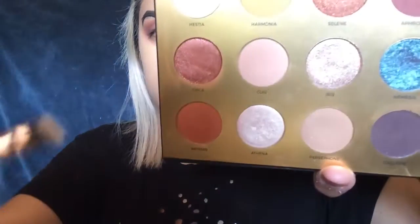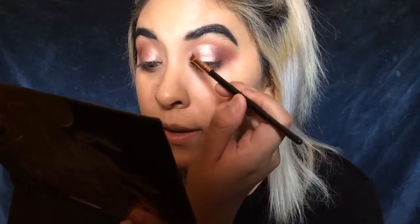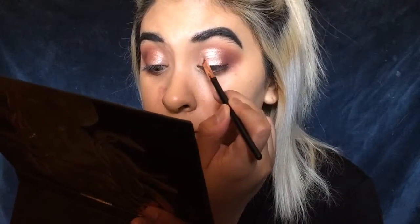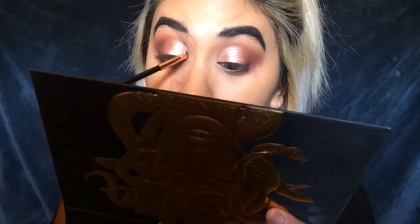For this inner corner, I'm taking the shade Athena — it's a light pinkish champagne color, really pretty. I'm working with natural lighting so don't judge me. This shade goes into the inner corner, and I just like to apply it dry.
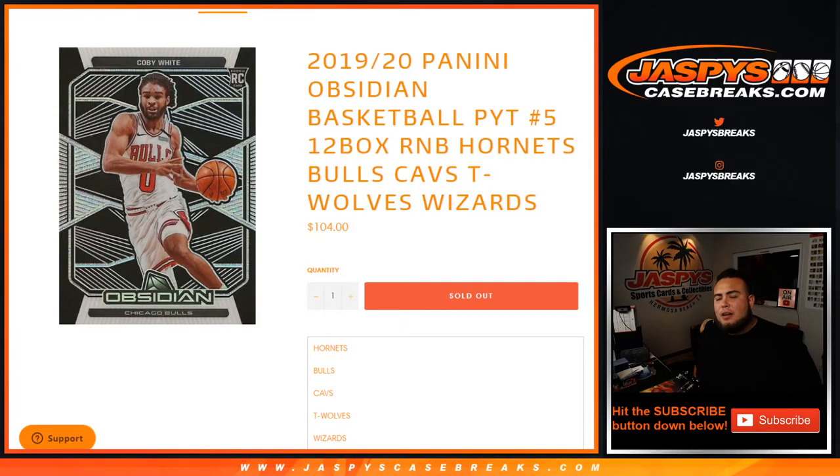What's up everybody, Jason here for JazBeesCaseBreaks.com. We just filled this up late night, created it, boom, done. This is the 2019-20 Panini Obsidian Basketball picker team, 12-box case break random number block for the Hornets, Bulls, Cavs, T-Wolves, and the Wizards.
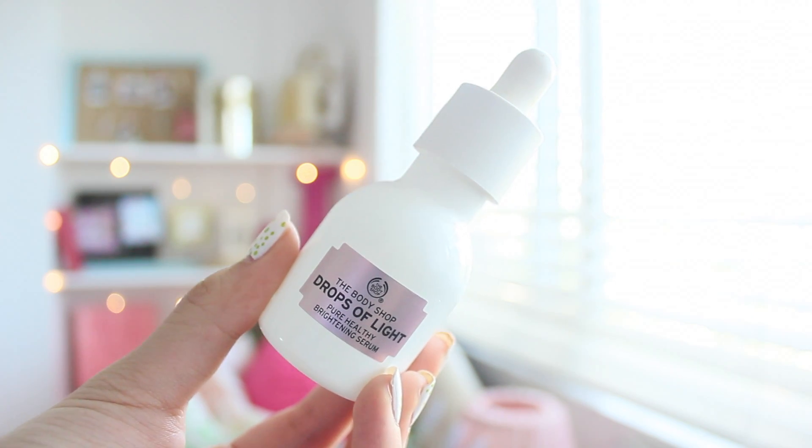My moisturizing routine does not stop there. I've also been using the Body Shop Drops of Light Pure Healthy Brightening Serum. This is actually the first serum that I've ever used, because I was afraid that when I use a serum, my face will be oily, and I just really hate the feeling of having a greasy face. But I really like it. With regular use, it claims to diminish the appearance of blemishes and make your skin look more radiant.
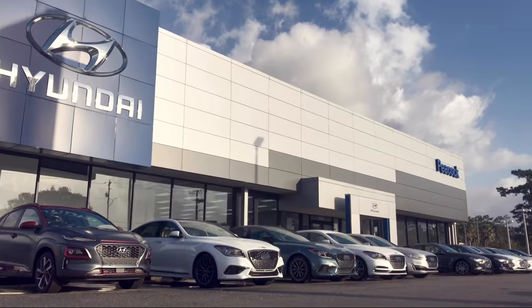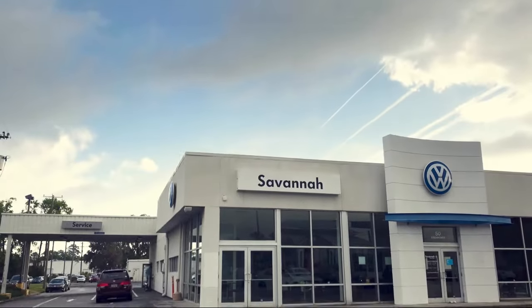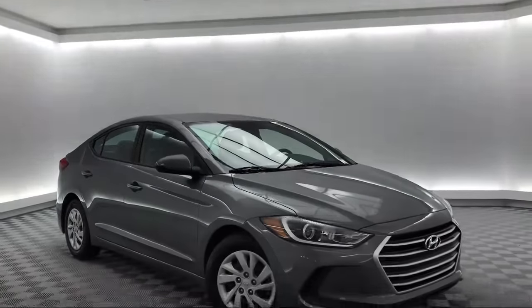Welcome to the Peacock Hyundai of Savannah, and here's a look at another one of our great vehicles from our extensive inventory.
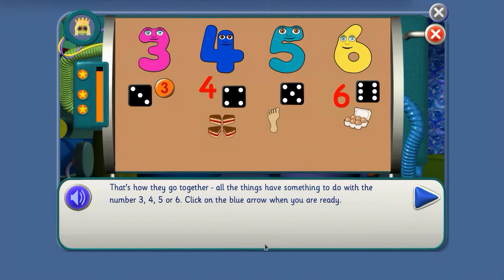Well done, agent! You've shown the NumberJacks how good you are at sorting and connecting things — really useful skills for being an agent. Well done! Here's your certificate. This NumberJacks agent has been on Mission 13: Buddy Blocks Belong. Hooray!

....................

• **Task description**: Up to and including the line that holds "What's up everybody, Jason", restate word for word each line of the records from their start, and only those lines, leaving out the pictures.

• **Written response**:
For this inner corner, I'm taking the shade Athena — it's a light pinkish champagne color, really pretty. I'm working with natural lighting so don't judge me. This shade goes into the inner corner, and I just like to apply it dry.
What's up everybody, Jason here for JazBeesCaseBreaks.com. We just filled this up late night, created it, boom, done. This is the 2019-20 Panini Obsidian Basketball picker team, 12-box case break random number block for the Hornets, Bulls, Cavs, T-Wolves, and the Wizards.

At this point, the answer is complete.